Development of 1h-nmr serum profiling methods for high-throughput metabolomics
- Autores: Rubén Barrilero Regadera
- Directores de la Tesis: Xavier Correig (dir. tes.)
- Lectura: En la Universitat Rovira i Virgili ( España ) en 2017
- Idioma: español
- Tribunal Calificador de la Tesis: Josep Ribalta Vives (presid.), Roger Mallol Parera (secret.), Francesco Savorani (voc.)
- Programa de doctorado: Programa de Doctorado en Tecnologías para Nanosistemas, Bioingeniería y Energía por la Universidad Rovira i Virgili
- Materias:
- Enlaces
- Tesis en acceso abierto en: hdl.handle.net
- Resumen
The irruption of metabolomics is replacing the traditional approach of clinical diagnostics focused on single biomarkers, such as glucose or cholesterol, with the profiling of complex metabolite patterns reflecting metabolic activity in multiple biological pathways. Blood serum/plasma is one of the main biological matrices used in NMR-based metabolomics as its collection is minimally invasive, requires minimal sample manipulation and provides hundreds of metabolites encoding multisystemic biological information.
High-throughput 1H-NMR profiling of serum/plasma allows a quantitative multi-compound analysis including lipoprotein classes and constituent lipids, albumin, and a large variety of low-molecular-weight metabolites (LMWM), including amino acids, creatinine, glycolysis-related metabolites, and ketone bodies, with a cost similar to standard lipids. The large physicochemical heterogeneity of these compounds requires the acquisition of three 1H-NMR measurements concerning the following molecular species: macromolecules, LMWM and lipids, where each measurement involves physical (sample extractions) and spectroscopic (editing NMR techniques) filters. However, molecular interactions and spectral complexity hamper a reliable metabolite profiling. Developing robust methods of metabolite profiling is therefore desirable to consolidate high-throughput 1H-NMR in the clinical practice.

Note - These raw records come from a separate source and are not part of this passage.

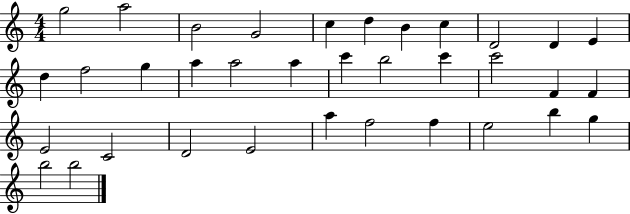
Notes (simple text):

G5/h A5/h B4/h G4/h C5/q D5/q B4/q C5/q D4/h D4/q E4/q D5/q F5/h G5/q A5/q A5/h A5/q C6/q B5/h C6/q C6/h F4/q F4/q E4/h C4/h D4/h E4/h A5/q F5/h F5/q E5/h B5/q G5/q B5/h B5/h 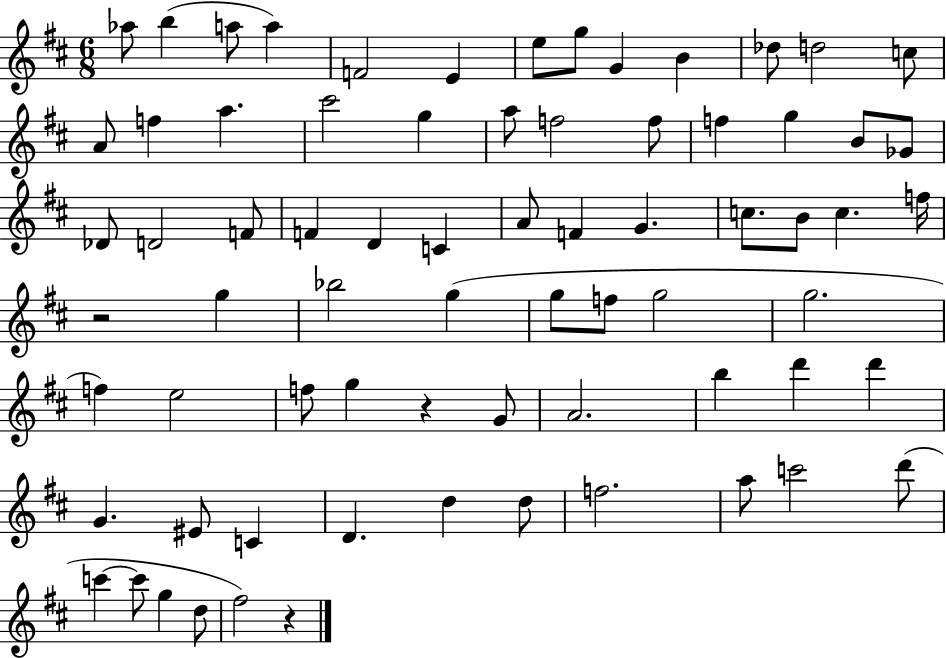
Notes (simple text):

Ab5/e B5/q A5/e A5/q F4/h E4/q E5/e G5/e G4/q B4/q Db5/e D5/h C5/e A4/e F5/q A5/q. C#6/h G5/q A5/e F5/h F5/e F5/q G5/q B4/e Gb4/e Db4/e D4/h F4/e F4/q D4/q C4/q A4/e F4/q G4/q. C5/e. B4/e C5/q. F5/s R/h G5/q Bb5/h G5/q G5/e F5/e G5/h G5/h. F5/q E5/h F5/e G5/q R/q G4/e A4/h. B5/q D6/q D6/q G4/q. EIS4/e C4/q D4/q. D5/q D5/e F5/h. A5/e C6/h D6/e C6/q C6/e G5/q D5/e F#5/h R/q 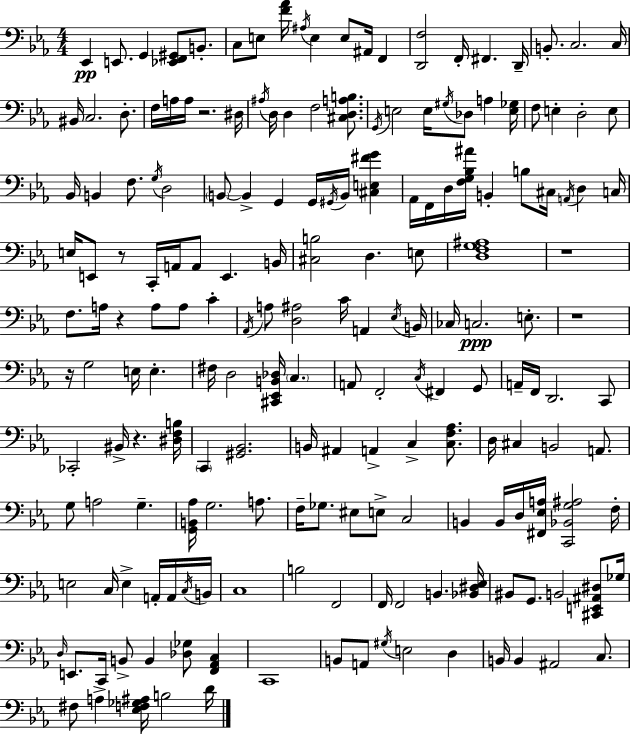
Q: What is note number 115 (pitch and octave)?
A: EIS3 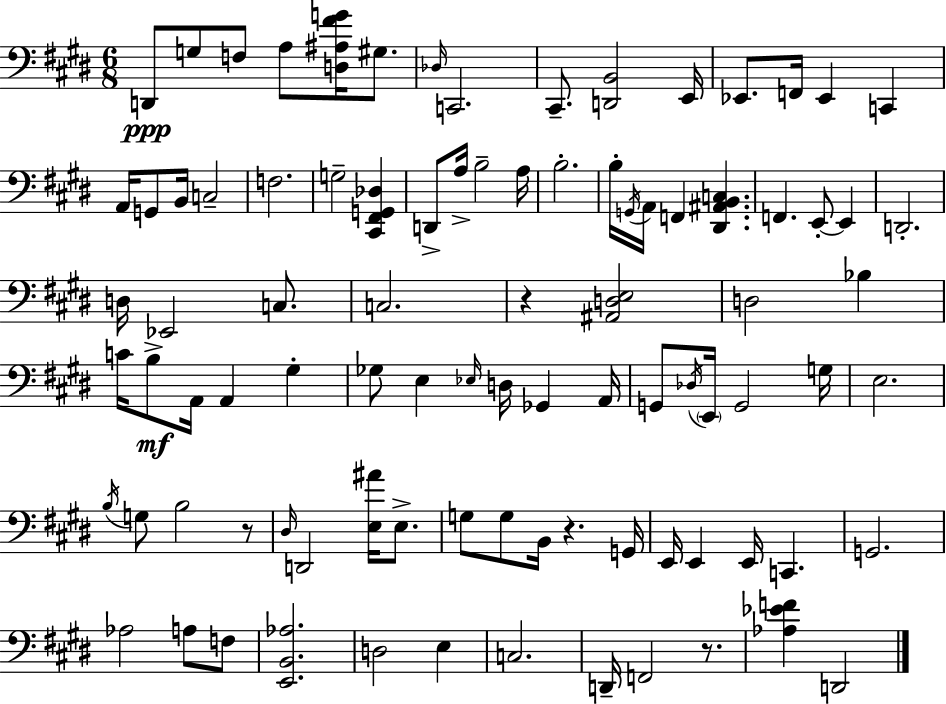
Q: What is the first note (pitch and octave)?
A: D2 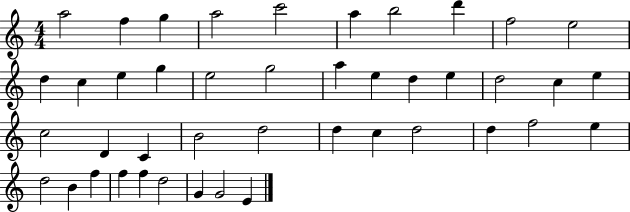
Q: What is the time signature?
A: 4/4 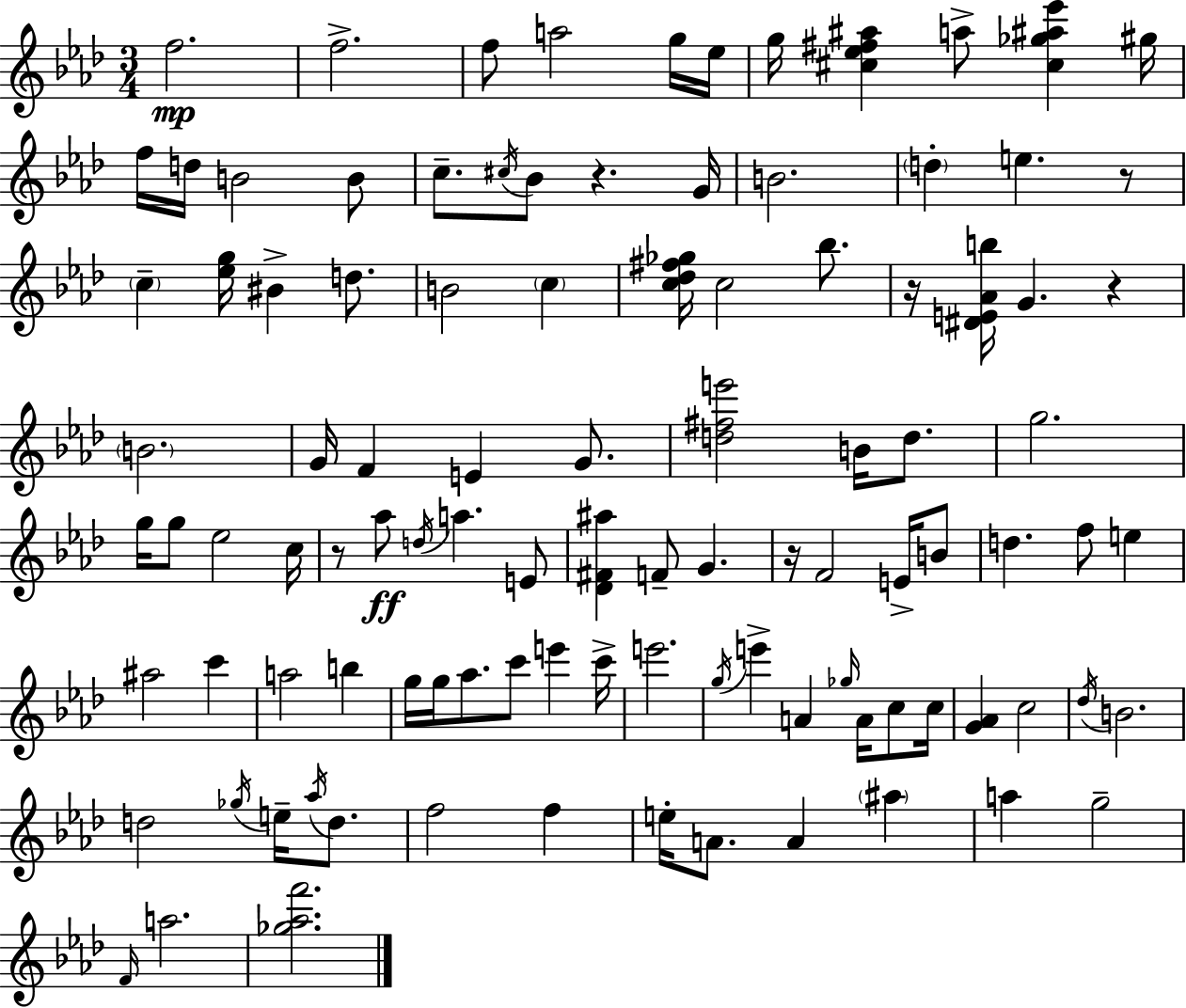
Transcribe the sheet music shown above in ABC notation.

X:1
T:Untitled
M:3/4
L:1/4
K:Ab
f2 f2 f/2 a2 g/4 _e/4 g/4 [^c_e^f^a] a/2 [^c_g^a_e'] ^g/4 f/4 d/4 B2 B/2 c/2 ^c/4 _B/2 z G/4 B2 d e z/2 c [_eg]/4 ^B d/2 B2 c [c_d^f_g]/4 c2 _b/2 z/4 [^DE_Ab]/4 G z B2 G/4 F E G/2 [d^fe']2 B/4 d/2 g2 g/4 g/2 _e2 c/4 z/2 _a/2 d/4 a E/2 [_D^F^a] F/2 G z/4 F2 E/4 B/2 d f/2 e ^a2 c' a2 b g/4 g/4 _a/2 c'/2 e' c'/4 e'2 g/4 e' A _g/4 A/4 c/2 c/4 [G_A] c2 _d/4 B2 d2 _g/4 e/4 _a/4 d/2 f2 f e/4 A/2 A ^a a g2 F/4 a2 [_g_af']2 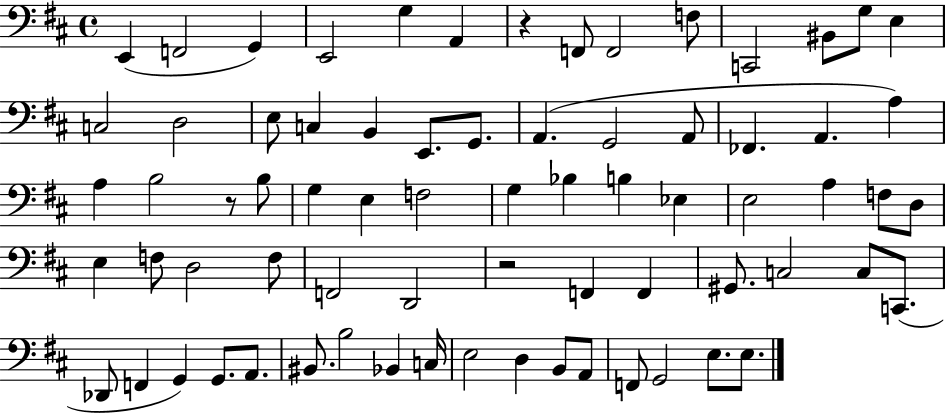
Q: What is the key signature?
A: D major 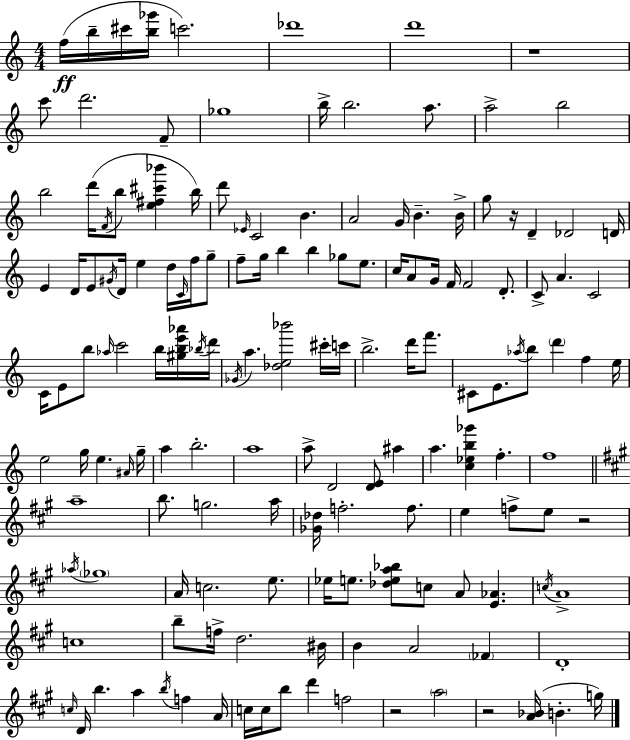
{
  \clef treble
  \numericTimeSignature
  \time 4/4
  \key a \minor
  \repeat volta 2 { f''16(\ff b''16-- cis'''16 <b'' ges'''>16 c'''2.) | des'''1 | d'''1 | r1 | \break c'''8 d'''2. f'8-- | ges''1 | b''16-> b''2. a''8. | a''2-> b''2 | \break b''2 d'''16( \acciaccatura { f'16 } b''8 <e'' fis'' cis''' bes'''>4 | b''16) d'''8 \grace { ees'16 } c'2 b'4. | a'2 g'16 b'4.-- | b'16-> g''8 r16 d'4-- des'2 | \break d'16 e'4 d'16 e'8 \acciaccatura { gis'16 } d'16 e''4 d''16 | \grace { c'16 } f''16 g''8-- f''8-- g''16 b''4 b''4 ges''8 | e''8. c''16 a'8 g'16 f'16 f'2 | d'8.-. c'8-> a'4. c'2 | \break c'16 e'8 b''8 \grace { aes''16 } c'''2 | b''16 <gis'' b'' e''' aes'''>16 \acciaccatura { bes''16 } d'''16 \acciaccatura { ges'16 } a''4. <des'' e'' bes'''>2 | cis'''16-. c'''16 b''2.-> | d'''16 f'''8. cis'8 e'8. \acciaccatura { aes''16 } b''8 \parenthesize d'''4 | \break f''4 e''16 e''2 | g''16 e''4. \grace { ais'16 } g''16-- a''4 b''2.-. | a''1 | a''8-> d'2 | \break <d' e'>8 ais''4 a''4. <c'' ees'' b'' ges'''>4 | f''4.-. f''1 | \bar "||" \break \key a \major a''1-- | b''8. g''2. a''16 | <ges' des''>16 f''2.-. f''8. | e''4 f''8-> e''8 r2 | \break \acciaccatura { aes''16 } \parenthesize ges''1 | a'16 c''2. e''8. | ees''16 e''8. <des'' e'' a'' bes''>8 c''8 a'8 <e' aes'>4. | \acciaccatura { c''16 } a'1-> | \break c''1 | b''8-- f''16-> d''2. | bis'16 b'4 a'2 \parenthesize fes'4 | d'1-. | \break \grace { c''16 } d'16 b''4. a''4 \acciaccatura { b''16 } f''4 | a'16 c''16 c''16 b''8 d'''4 f''2 | r2 \parenthesize a''2 | r2 <a' bes'>16( b'4.-. | \break g''16) } \bar "|."
} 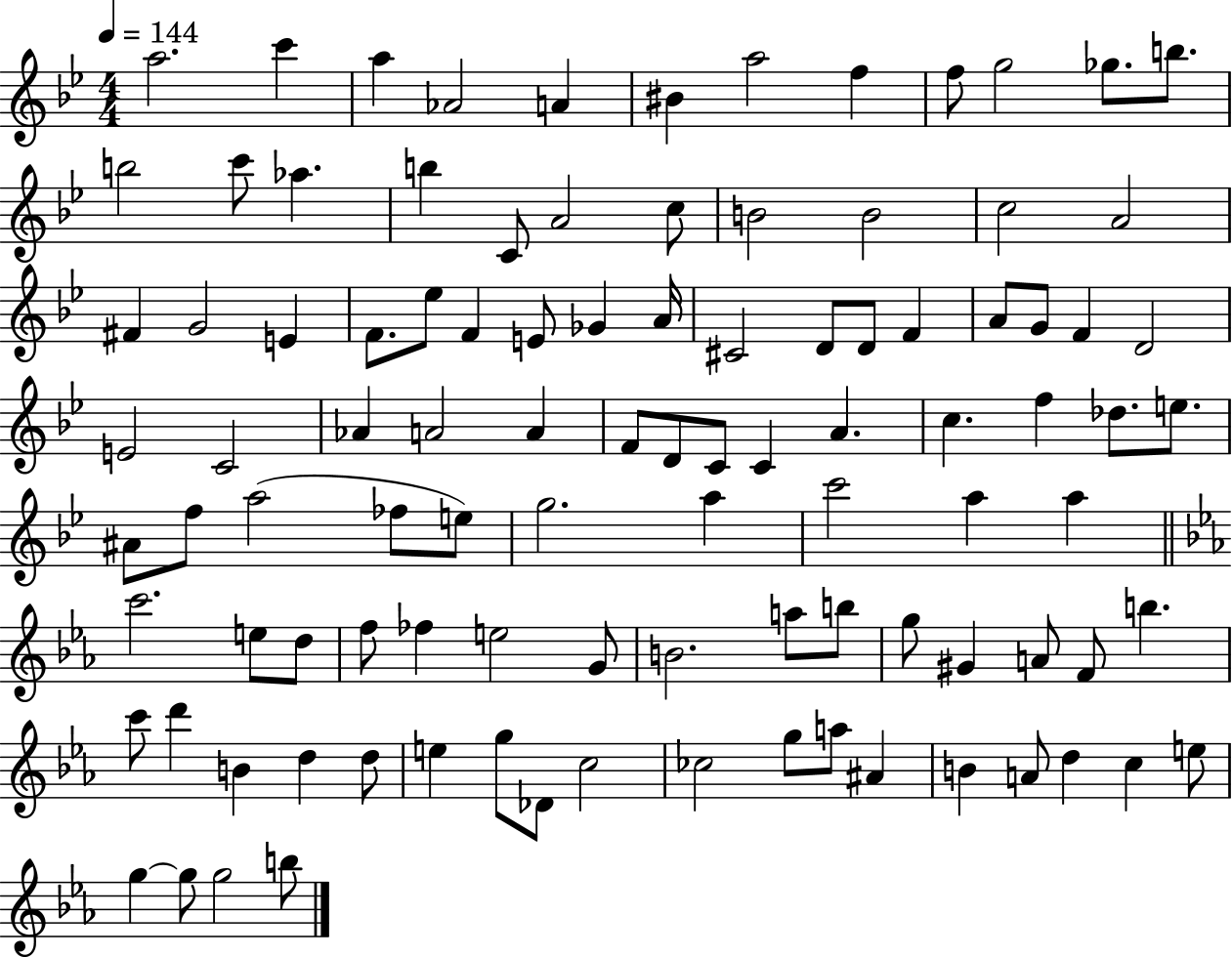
{
  \clef treble
  \numericTimeSignature
  \time 4/4
  \key bes \major
  \tempo 4 = 144
  \repeat volta 2 { a''2. c'''4 | a''4 aes'2 a'4 | bis'4 a''2 f''4 | f''8 g''2 ges''8. b''8. | \break b''2 c'''8 aes''4. | b''4 c'8 a'2 c''8 | b'2 b'2 | c''2 a'2 | \break fis'4 g'2 e'4 | f'8. ees''8 f'4 e'8 ges'4 a'16 | cis'2 d'8 d'8 f'4 | a'8 g'8 f'4 d'2 | \break e'2 c'2 | aes'4 a'2 a'4 | f'8 d'8 c'8 c'4 a'4. | c''4. f''4 des''8. e''8. | \break ais'8 f''8 a''2( fes''8 e''8) | g''2. a''4 | c'''2 a''4 a''4 | \bar "||" \break \key c \minor c'''2. e''8 d''8 | f''8 fes''4 e''2 g'8 | b'2. a''8 b''8 | g''8 gis'4 a'8 f'8 b''4. | \break c'''8 d'''4 b'4 d''4 d''8 | e''4 g''8 des'8 c''2 | ces''2 g''8 a''8 ais'4 | b'4 a'8 d''4 c''4 e''8 | \break g''4~~ g''8 g''2 b''8 | } \bar "|."
} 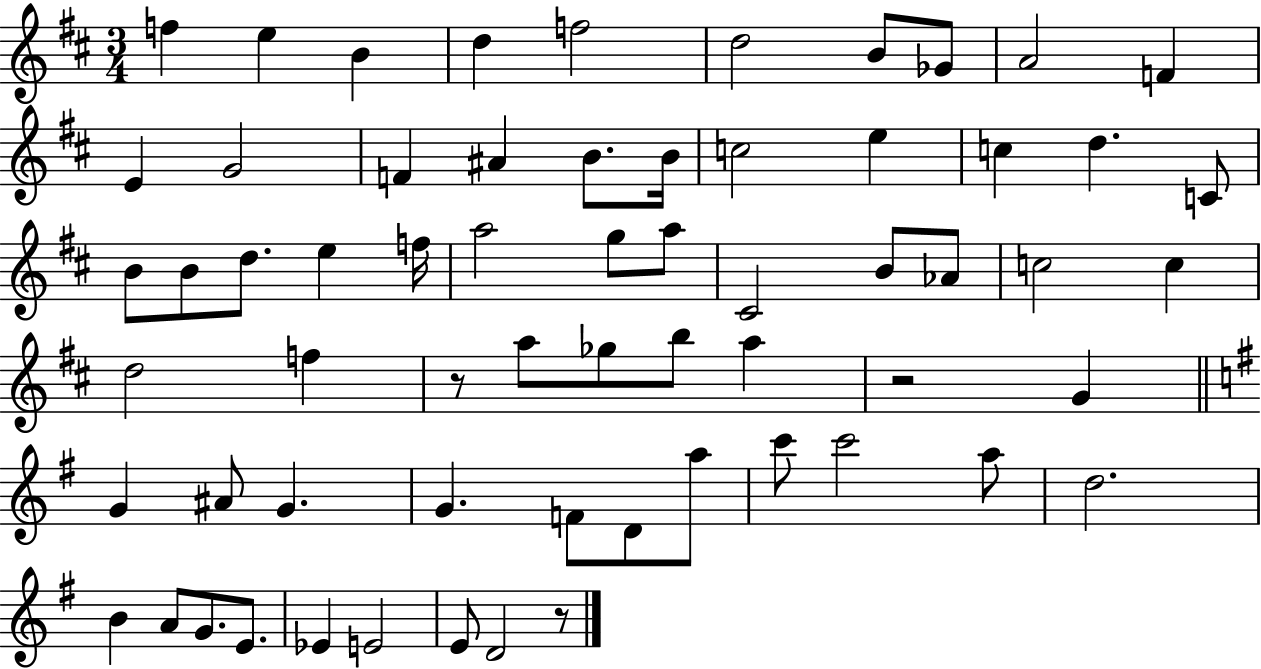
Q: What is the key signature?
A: D major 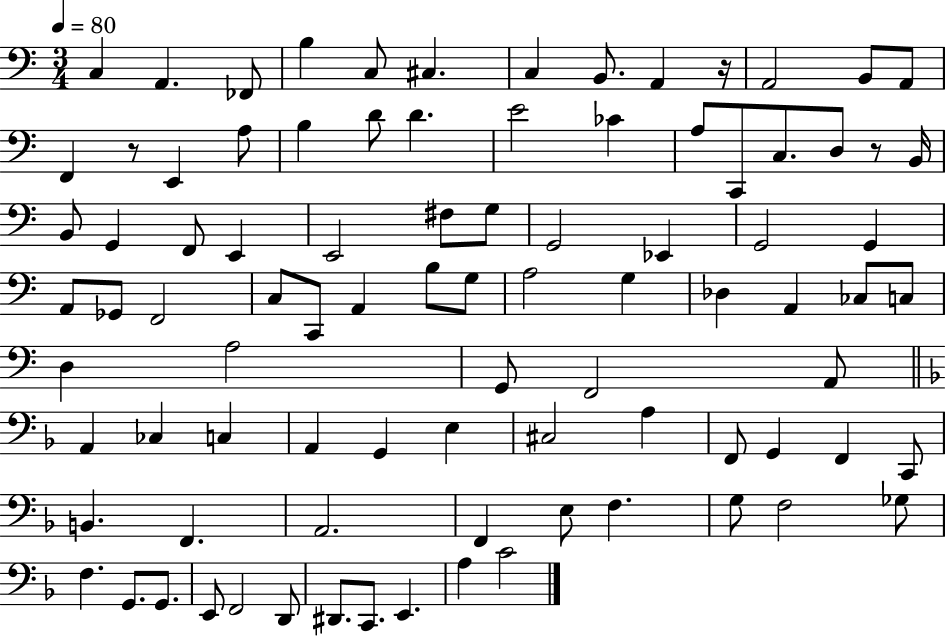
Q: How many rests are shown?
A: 3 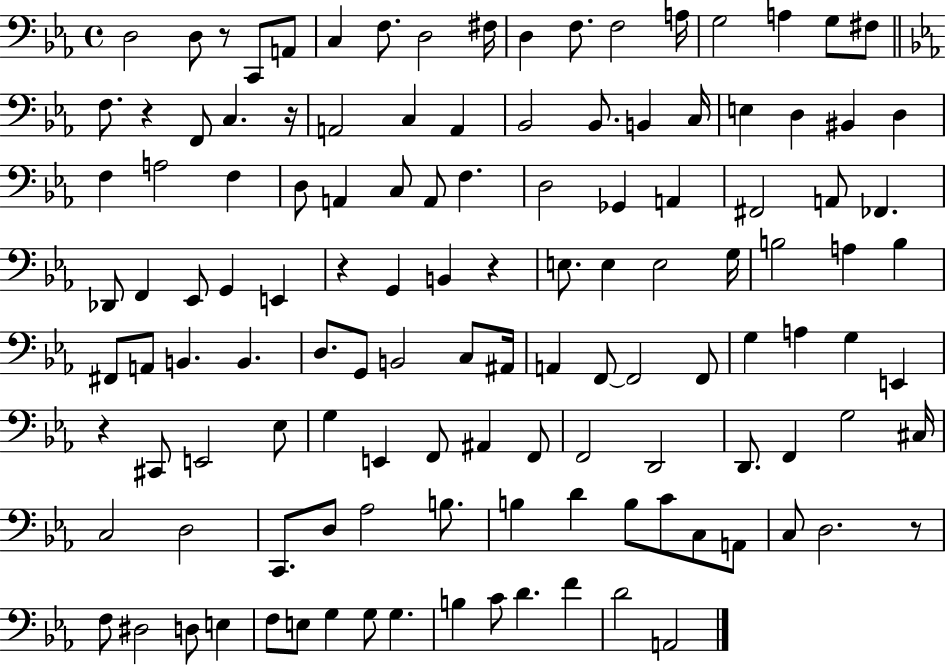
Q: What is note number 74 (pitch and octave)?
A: G3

In our first work, we calibrated and evaluated regression models to estimate the concentration of the lipids used in the routine clinical practice (known as “lipid panel”). These lipids are still the main measurements and therapy targets of cardiovascular disease risk. Whereas most of the previous models have been calibrated using lipoprotein fractioning, our models were based on clinical enzymatic-colorimetric measurements in order to better reflect the clinical standards. Ultimately, these NMR-based regression models would lead to the incorporation of enzymatic-colorimetric lipids estimation in high-throughput 1H-NMR profiling of serum and plasma. To do so, we developed and validated 1H-NMR regression models of clinical measurements of total serum cholesterol and triglycerides, and cholesterol content of LDL, HDL and non-HDL particles, using 785 native serum/plasma samples comprising healthy subjects and several dyslipidaemias. Different combinations of 1D and 2D 1H-NMR experiments and chemometric techniques were evaluated, whereas plasma and serum were equally used from four different clinical centres. Our models performed similar to previous models based on small and more homogeneous cohorts, but the diverse matrix and physiological conditions of our samples made our models highly generalizable.
In our second work, we addressed the quantitative issues affecting the “NMR-invisible” low-molecular-weight metabolites (LMWM) in 1H-NMR spectra of native serum. LMWM bind to proteins in native serum, consequently, their signals are totally or partially attenuated. These signal losses compromise absolute quantifications even if sophisticated signal deconvolution methods are used. In order to reduce protein binding effects on LMWM quantification, we developed a method to partially release bound LMWM from protein. Our method relies on promoting competition for ligand-binding sites of proteins by the addition of a small quantity of deuterated trimethylsilylpropanoic acid (TSP). In order to precisely quantify the extent of these interactions, we performed our quantifications using a multidimensional CPMG approach, which avoids the signal attenuations due to T2 relaxations inserted with 1D CPMG filters. The application of both strategies showed that TSP addition increases in approximately 30% the signal for clinically-relevant binding metabolites phenylalanine, leucine and isoleucine. Moreover, competitive binding strategies are fully compatible with high-throughput analysis.
Finally, our third work addressed the quantitative profiling of serum lipids with 1H-NMR. Whereas 1H-NMR profiling of LMWM can be carried out with bioinformatics tools that allow automatic signal deconvolution based on specific metabolite signal patterns, similar solutions are not available for 1H-NMR profiling of lipids. In this context we present LipSpin, a freely-distributed software for the semiautomatic profiling of 1H-NMR spectra of lipids. Using a library of signal patterns based on mathematical and reference spectral models, a constrained lineshape fitting analysis provides the quantification of 15 different lipid-related variables about major lipid classes in serum (fatty acids, triglycerides, phospholipids and cholesterols). Lipid quantifications obtained with LipSpin agreed with those from conventional techniques and were applied to a dietary intervention study.